Fue hermoso conocer a la esposa de Juan y sus tres hijas, misioneras en su parroquia; muy lindo también fue conocer a su mamá que tanto oró, según él contó, cuando en los años juveniles se desvió del camino de Cristo que ella le inculcó. Como a San Agustín, las lágrimas y la oración de su madre, lo parieron también en cierto modo como diacono. Vi el cariño de la gente para el servidor ordenado, todos pidiéndole su bendición, la foto, el abrazo.
Después de compartir una mesa fraterna de sanguchitos riquísimos y algunas bebidas, auxiliados por el GPS emprendimos el regreso con mi compañera. ¡Teníamos que estar ahí y estuvimos!

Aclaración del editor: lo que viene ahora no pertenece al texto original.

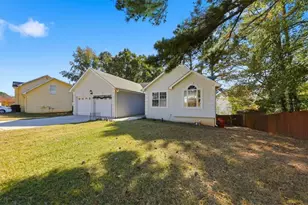 1157 Forest Glen, Jonesboro, GA 30238 - Photo 2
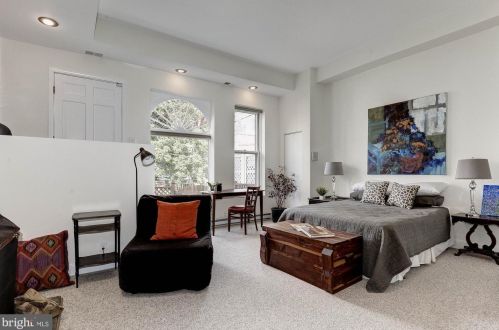 2015 Q St, Washington DC 20002-2373 exterior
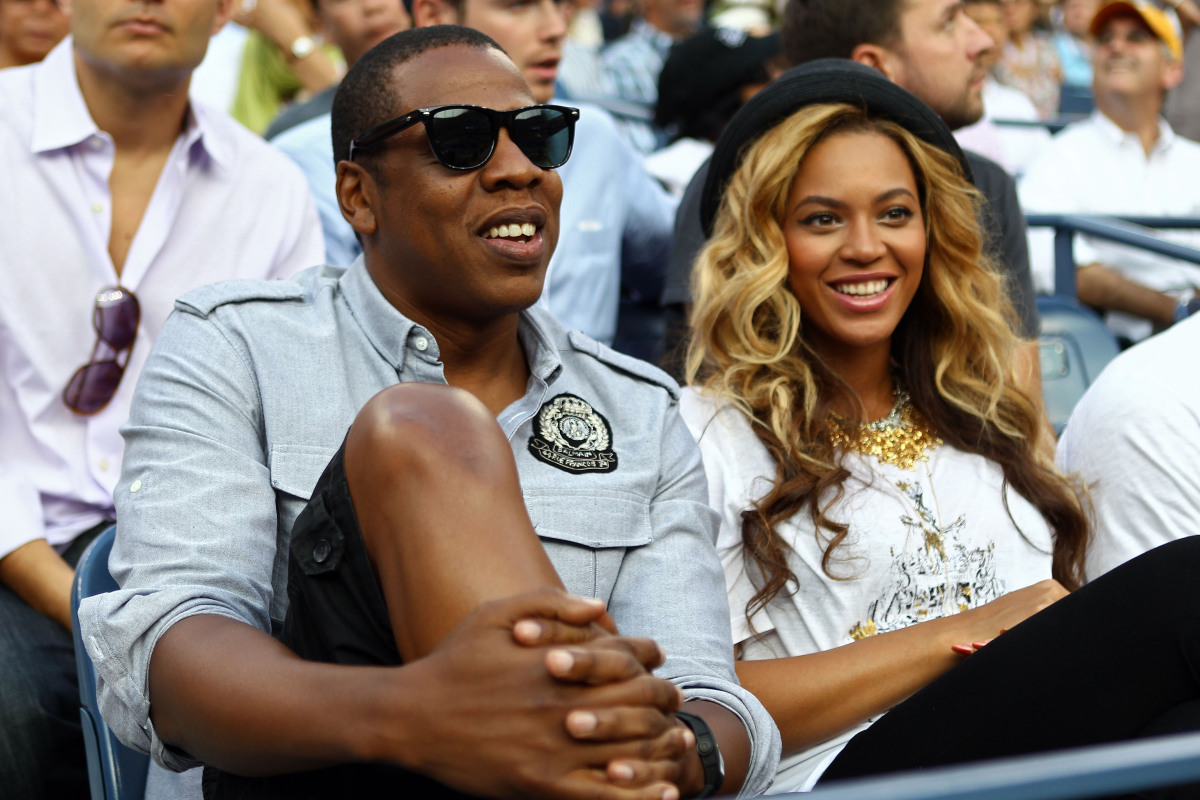 Beyonce spent 2 million to buy a Bugatti Grand Sport for Jay's 41'st birthday.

Me pareció ver que “Tito” Lordi también levantaba su pulgar desde allá donde quisiéramos estar algún día. Sé que bastará simplemente haber comprendido aquello que decía Chiara Lubich: “cada ser humano ha sido creado como don para mí para que yo sea un don para los demás”. Hacernos regalo para los demás como lo es, ahora “ensillado” con el diaconado, un tal Juan Taborda, al que lo verán por las calles de González Catán, su comunidad, bendiciendo, animando, haciéndose pan para los suyos.